(Beginning of EXERCISE INPUT)

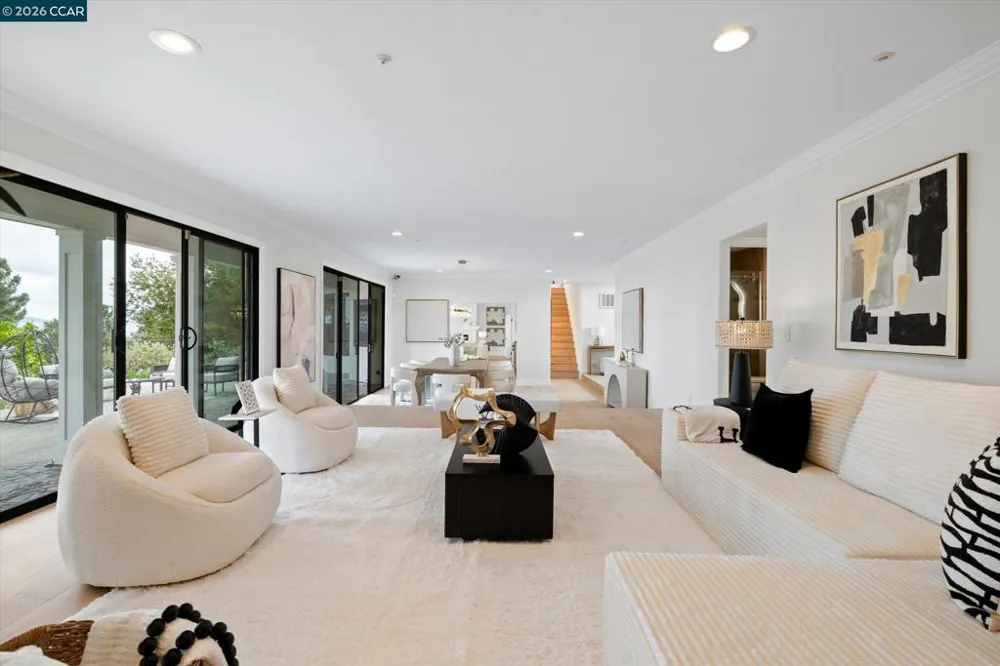 83 Donald Dr Orinda, CA 94563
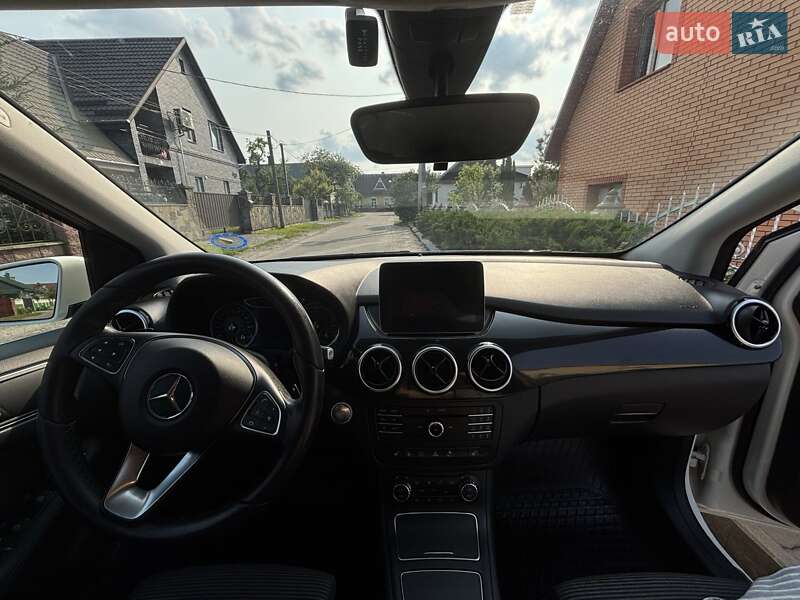Хэтчбек Mercedes-Benz B-Class 2017 в Ровно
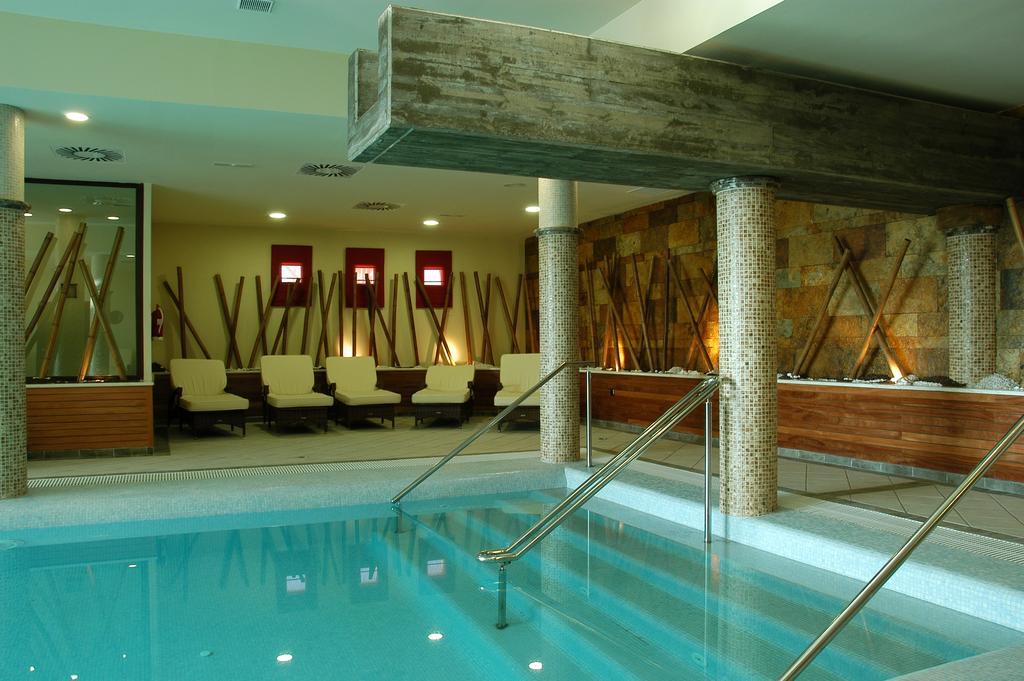 فندق هوسبيس بالاسيو دي أريناليس آند سبا Caces المظهر الخارجي الصورة The spa at the Hotel Axelmannstein
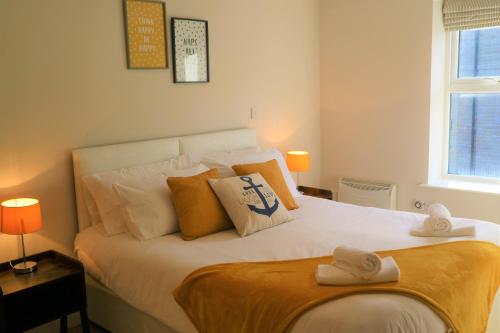 1 dormitorio con 1 cama con 2 toallas en The Ilkley Moors View en Ilkley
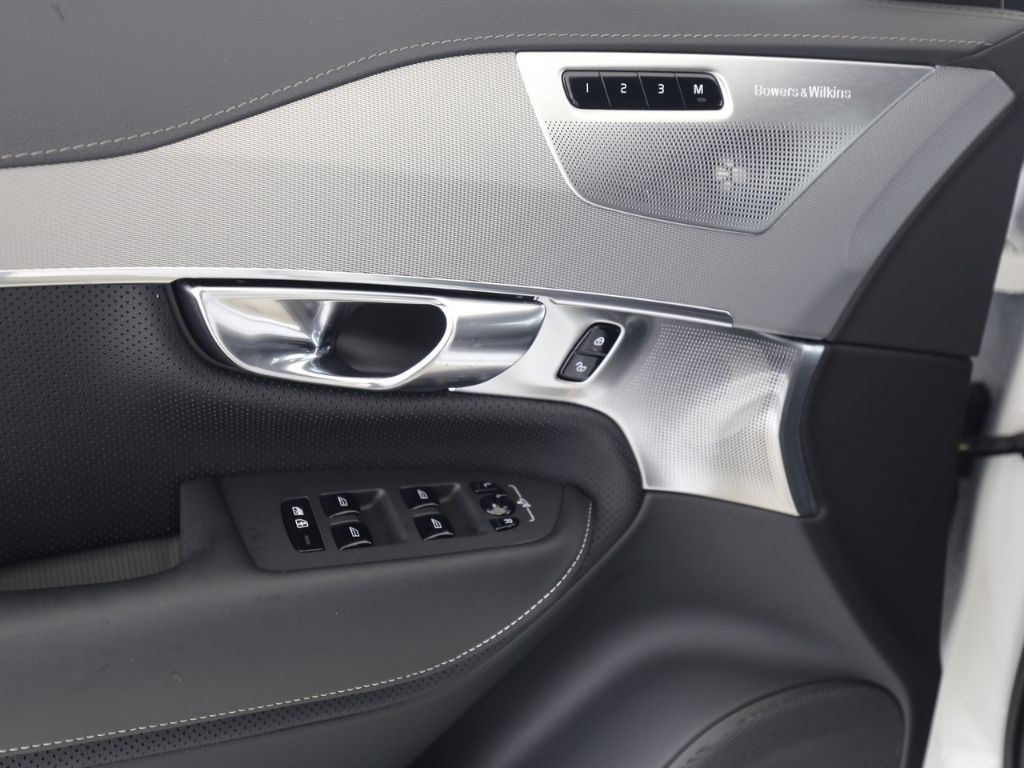 Volvo XC90 Plus Bright Recharge Plug-In Hybrid AWD T8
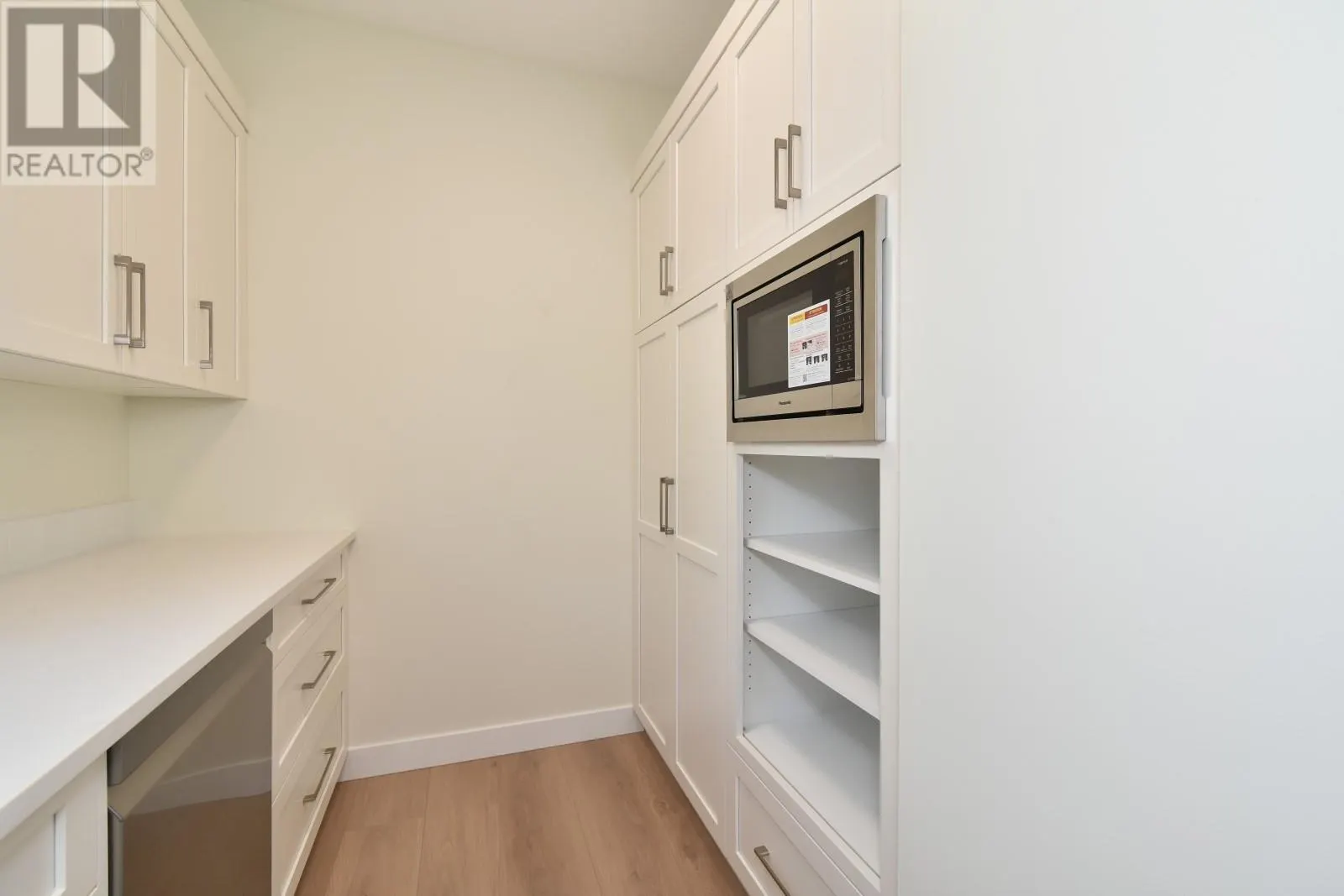 2508 Golf View Crescent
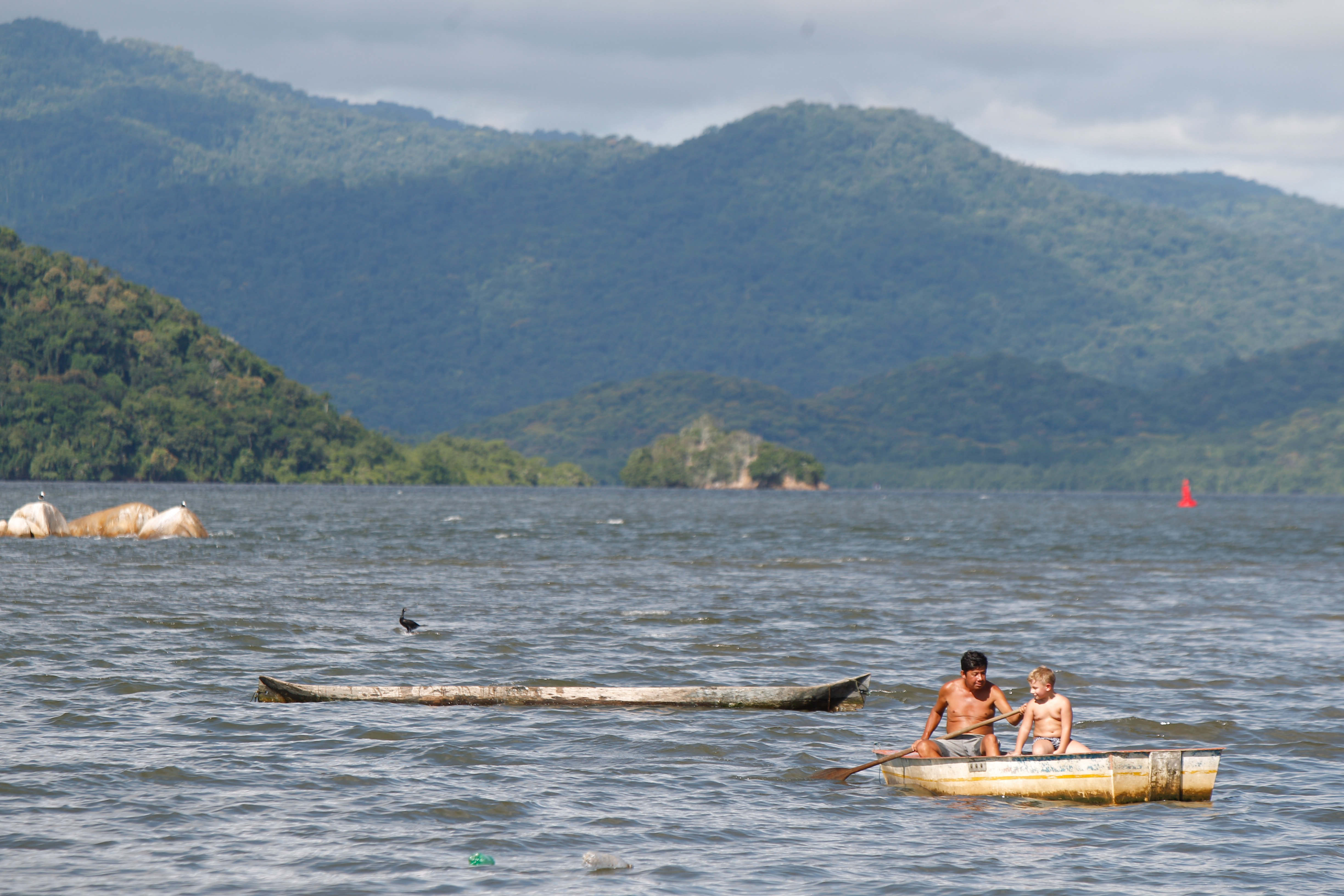 Ponta da Pita, em Antonina, é um dos pontos impróprios para banho | Daniel Castellano /Gazeta do Povo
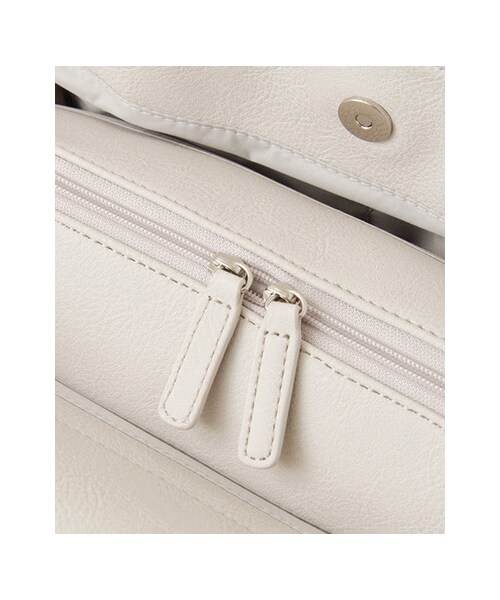 KBF(ケイビーエフ)の「KBF+ マルチポケットボストンBAG(バッグ・レディース・Gray/White/Black・one)」の21枚目の写真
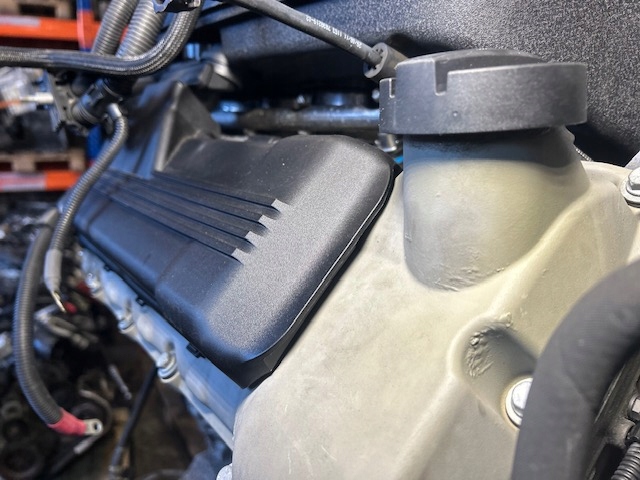 Moteur S65 B40 A — vue 4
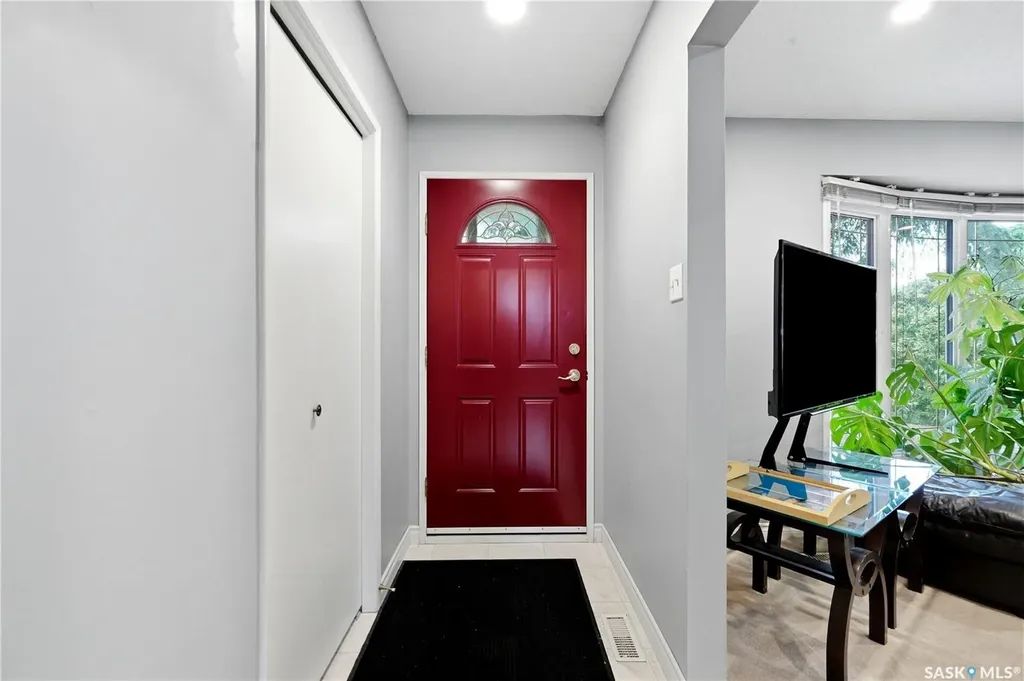 441 Capilano Drive Saskatoon SK S7K 4J6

(End of EXERCISE INPUT)

-- INSTRUCTIONS TO FOLLOW --
Copy exactly the lines from the line that has "Ponta da Pita, em" through the last line of the entries above, inclusive, and no others. Pictures do not go in the copy.

-- ANSWER TO THIS EXERCISE --
 Ponta da Pita, em Antonina, é um dos pontos impróprios para banho | Daniel Castellano /Gazeta do Povo
 KBF(ケイビーエフ)の「KBF+ マルチポケットボストンBAG(バッグ・レディース・Gray/White/Black・one)」の21枚目の写真
 Moteur S65 B40 A — vue 4
 441 Capilano Drive Saskatoon SK S7K 4J6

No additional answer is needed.